Я выхожу в фойе. Как-то уж слишком быстро все прошло. Я даже толком не успела показать, на что способна. Продемонстрировать свое актерское мастерство. Хотя, конечно, они торопятся и им некогда выслушивать весь текст целиком. Я здороваюсь с Агнетой Хелин, с которой мы вместе учились в театральном училище Калле Флюгаре. Она всерьез подошла к делу и вырядилась с ног до головы во все оранжевое. Даже оранжевая подводка вокруг глаз. И сверху, и снизу.
– Ой, Белла, привет! Боже, сколько лет, сколько зим! Даже не знала, что ты все еще играешь. Как прошло прослушивание? Хорошо?
– Да так, – отвечаю я, – меня и слушали-то всего минуту. А я думала…
– Слушай, да тебе еще повезло! Знаешь Элизабет из театра «Перу», ей даже театр не дали надеть. Сама-то я весь текст прочитала. Два раза от начала до конца, без перерыва. По-моему, я им понравилась. По крайней мере, мне так кажется. Может, посидим в кафе? Тебе ведь сказали, что после прослушивания они вывесят на дверь список с фамилиями тех, кто их заинтересовал? Прямо как в театральном училище. Хотя ты, по-моему, провалилась на первом туре вступительных, да? Сама-то я несколько раз доходила до третьего, уже почти прошла, хотя нутром чувствовала, что это не мое, а когда меня вместо этого взяли в школу Жака Лекока в Париже, я наконец поняла, почему так и не попала в театральное училище – в глубине души я все же туда не хотела, и приемная комиссия наверняка это почувствовала, что-то, видимо, такое от меня исходило, внутреннее сопротивление какое-то. И вообще, я скорее южанка по темпераменту, к тому же Скорпион, причем весьма ярко выраженный, так что Франция мне по-любому лучше подходила, – балаболит она.
Мы заходим в небольшое кафе на другом конце парка. В витрине стоит механическая пластмассовая кукла – повар метрового роста с густыми бровями и мерзкой ухмылкой. В руках у него скалка, которая ходит вверх-вниз. Рывками. Хм, что бы нам такого выставить в витрине, чтобы завлечь сюда как можно больше посетителей? О, не купить ли нам механического монстра с приступами эпилепсии и кухонной утварью в руках?
Отличная мысль, интересно, сколько он стоит? Всего-то 4000 крон, идеальное приобретение, от посетителей теперь отбоя не будет!
Мы садимся за свободный столик у окна. Агнета машет молодому человеку, который сидит у выхода и читает газету.
– Помнишь его? Учился на курс младше нас. Тоббе.
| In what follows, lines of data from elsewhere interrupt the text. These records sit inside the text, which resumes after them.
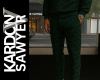 KVS. G Forest Pant Set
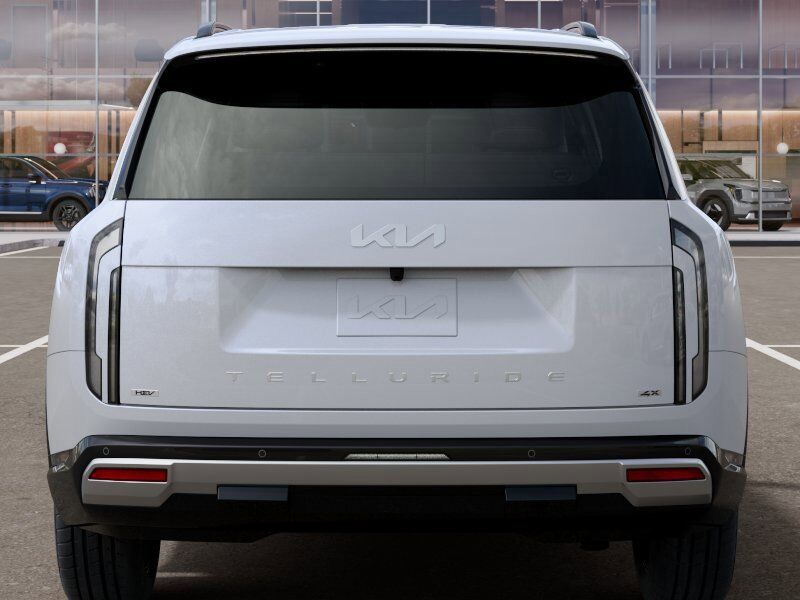 2027 KIA TELLURIDE HYBRID Roseville CA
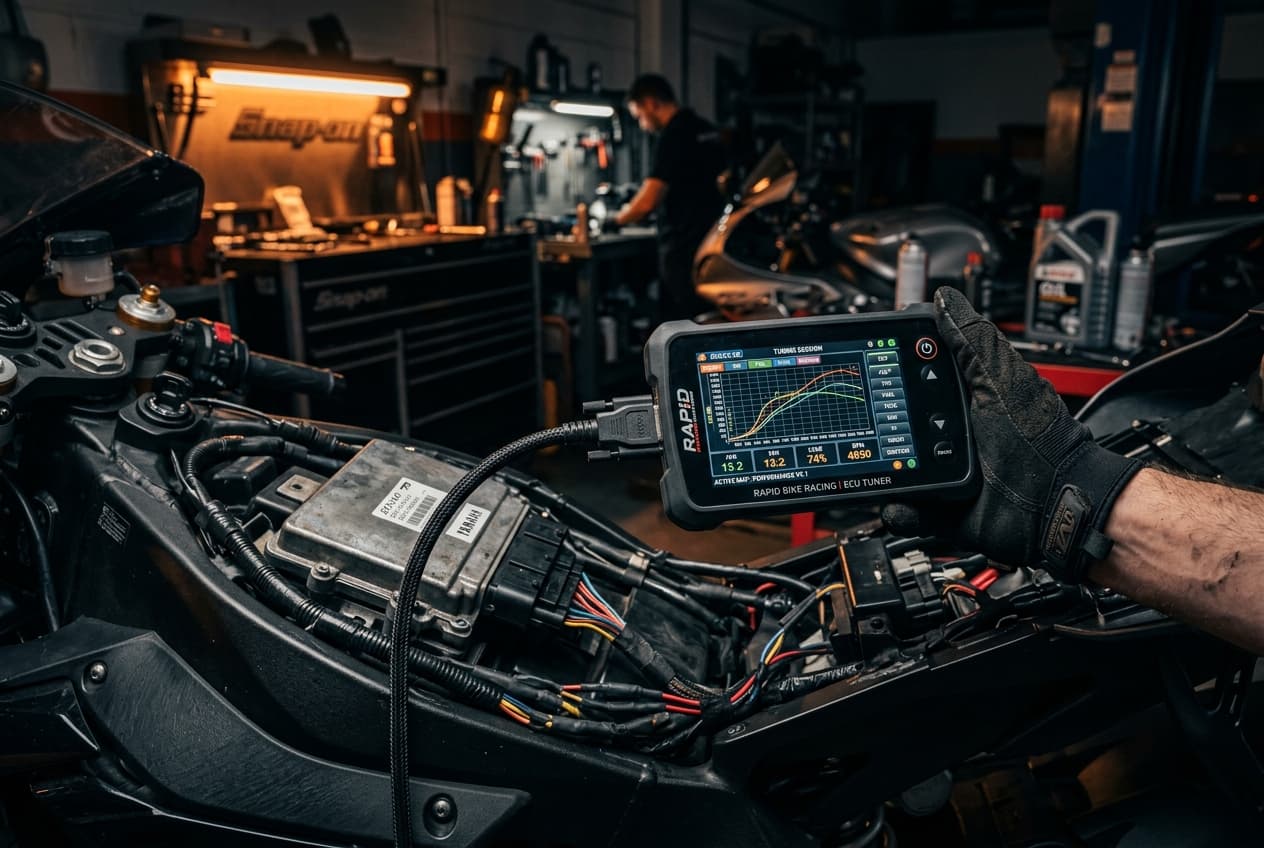 Surgical ECU Tuning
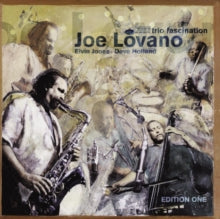 Lovano,joe - Trio Fascination (blue Note Tone Poet Series) (2lp)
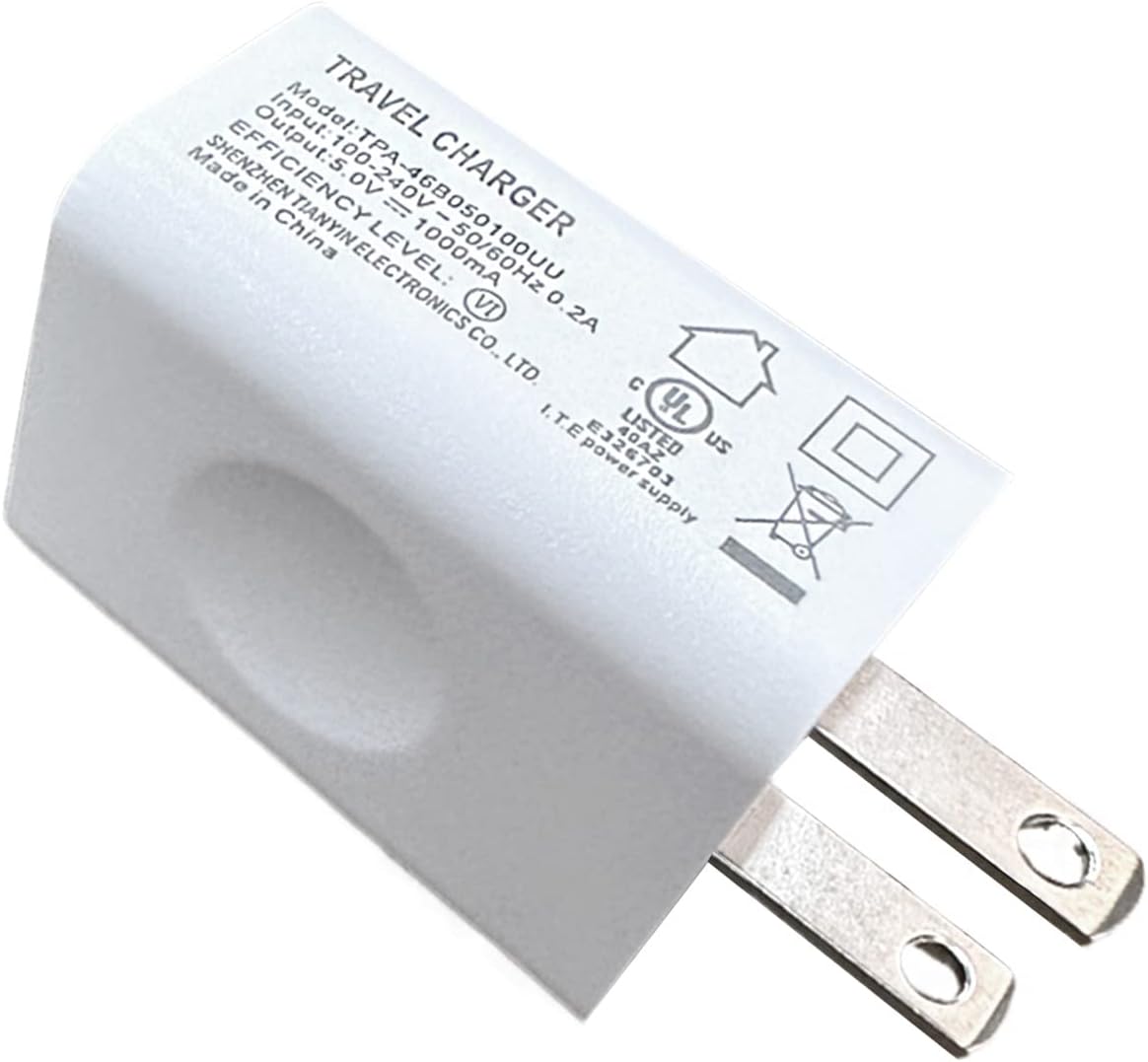 VOLUAS 5.0V Power Adapter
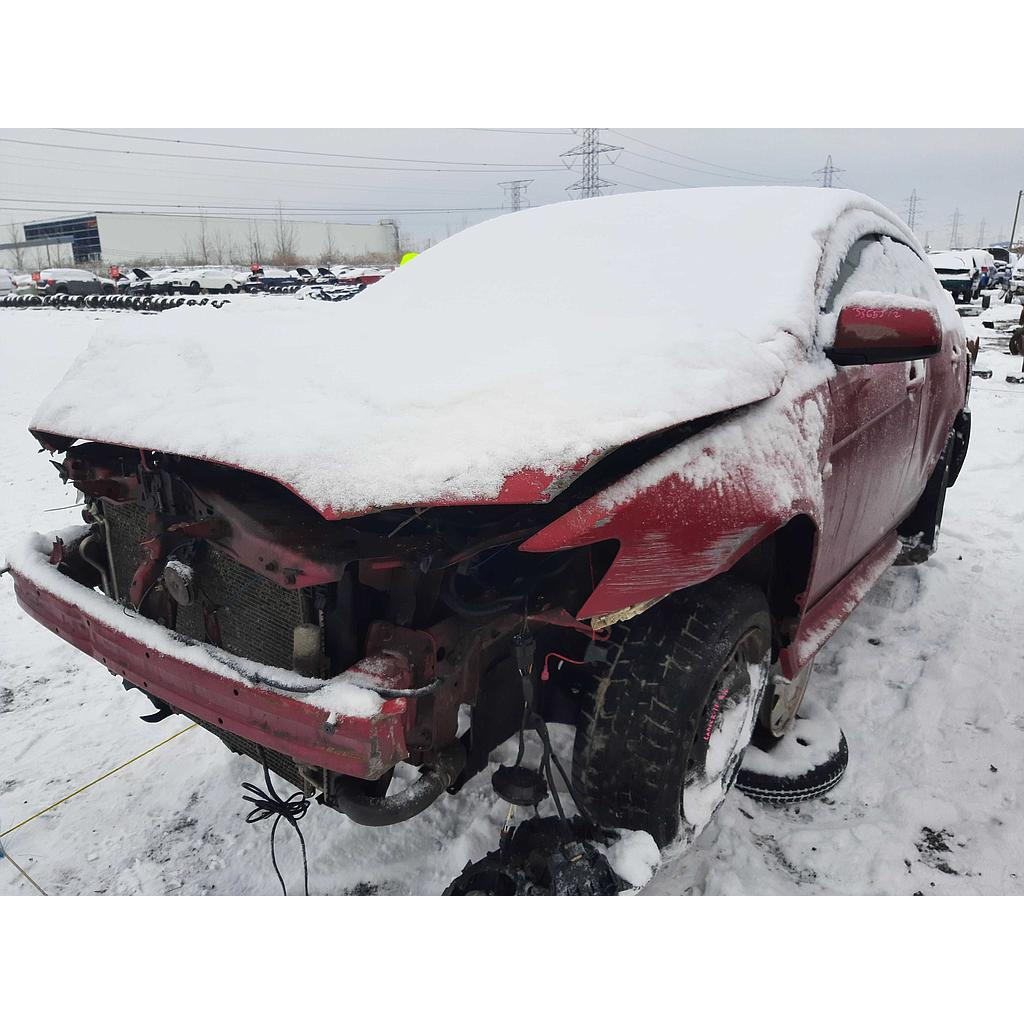 MITSUBISHI LANCER 2012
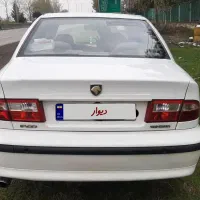 سمند دوگانه سوز ef7 مدل ۹۶|خودرو سواری و وانت|بهشهر, |دیوار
Правда, тогда у него были длинные волосы, – говорит Агнета, очищая мандарин. Она аккуратно складывает куски кожуры один в другой на салфеточке. – Ну, как поживаешь? Дети? Муж? Сама я пять лет как развелась с Пирре, но мы расстались друзьями – чисто по-человечески мы все еще любим друг друга… Ну и вот, Мелькеру уже восемь, а Тимми через пару недель стукнет шесть. Ой, с ума сойти, до чего время летит!
– Нет, детей у меня нет. Пока. И мужа тоже. Я…
– My God[14], как же давно мы не виделись, и чем же ты занималась все это время? Я и правда понятия не имела, что ты все еще пытаешься играть, я думала, я единственная с нашего курса, кому удалась актерская карьера.
– Да так, работала понемногу, рекламные ролики на радио и все такое, потом снялась в нескольких сериях «Сегемюру, до востребования», я там играла уборщицу Юхана Ульвесона[15], а до этого проработала год в Театре округа Норботтен.
– А, понятно… «Сегемюру, до востребования»… Хотя, честно говоря, я реалити-шоу не смотрю, по-моему, от них только тупеешь, я вообще телевизор почти не включаю…
– Это не реалити-шоу, это…
– Конечно, кроме театральных постановок. Недавно смотрела совершенно потрясающую постановку театра «Орион», они сделали экранизацию…
– Извини, конечно, но «Сегемюр» – это не какое-нибудь там тупое реалити-шоу!
– Слушай, а чего ты кричишь? Белла, да ты вся на нервах. Тебе надо расслабиться. Я понимаю, что ты перенервничала на пробах, но не надо на мне срываться! Господи! – возмущается Агнета, качая головой.
Она дует на чай и смотрит в окно. Наклоняет голову сначала в одну, потом в другую сторону, словно проверяя, не слишком ли сама напряжена. Делает глоток и массирует себе шею. Повар в витрине дергается как сумасшедший.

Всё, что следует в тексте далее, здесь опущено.